DATA FOR THE TASK

================================

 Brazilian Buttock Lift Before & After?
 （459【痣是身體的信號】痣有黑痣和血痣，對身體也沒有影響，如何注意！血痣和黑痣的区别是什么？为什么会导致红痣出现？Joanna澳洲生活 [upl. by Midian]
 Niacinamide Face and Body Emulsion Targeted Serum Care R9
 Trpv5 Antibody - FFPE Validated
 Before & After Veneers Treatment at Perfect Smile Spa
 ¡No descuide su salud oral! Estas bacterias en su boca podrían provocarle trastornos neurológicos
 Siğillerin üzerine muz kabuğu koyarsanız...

================================

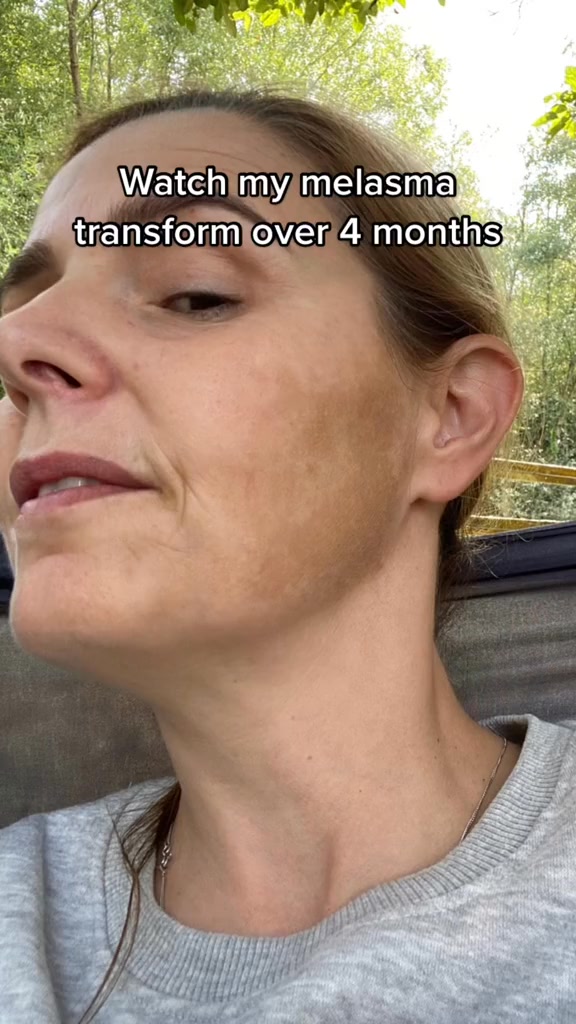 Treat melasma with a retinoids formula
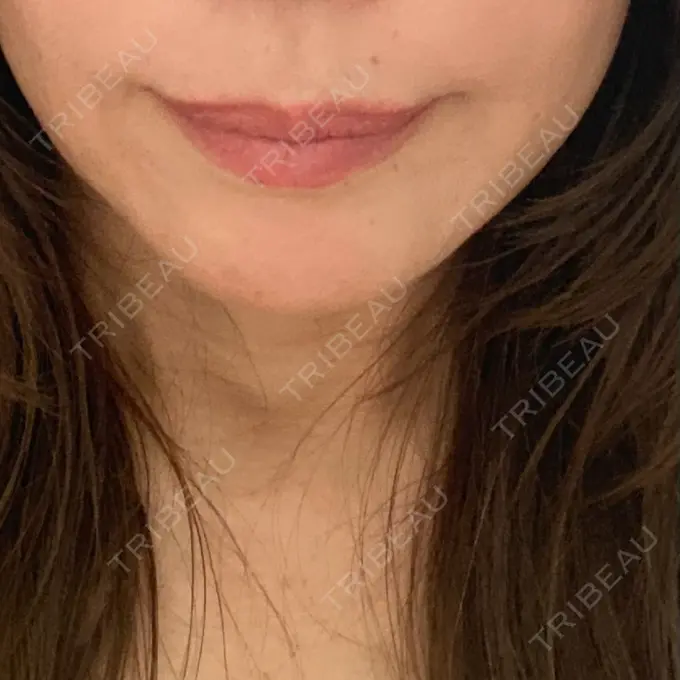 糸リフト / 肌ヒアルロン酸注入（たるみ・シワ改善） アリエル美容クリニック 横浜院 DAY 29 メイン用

================================

ACTIVITY
In the listing above, find the line containing "Brazilian Buttock Lift Before & After?" and the line containing "Siğillerin üzerine muz kabuğu koyarsanız...". Output them and every line between, exactly, and nothing else.

WRITTEN SOLUTION
 Brazilian Buttock Lift Before & After?
 （459【痣是身體的信號】痣有黑痣和血痣，對身體也沒有影響，如何注意！血痣和黑痣的区别是什么？为什么会导致红痣出现？Joanna澳洲生活 [upl. by Midian]
 Niacinamide Face and Body Emulsion Targeted Serum Care R9
 Trpv5 Antibody - FFPE Validated
 Before & After Veneers Treatment at Perfect Smile Spa
 ¡No descuide su salud oral! Estas bacterias en su boca podrían provocarle trastornos neurológicos
 Siğillerin üzerine muz kabuğu koyarsanız...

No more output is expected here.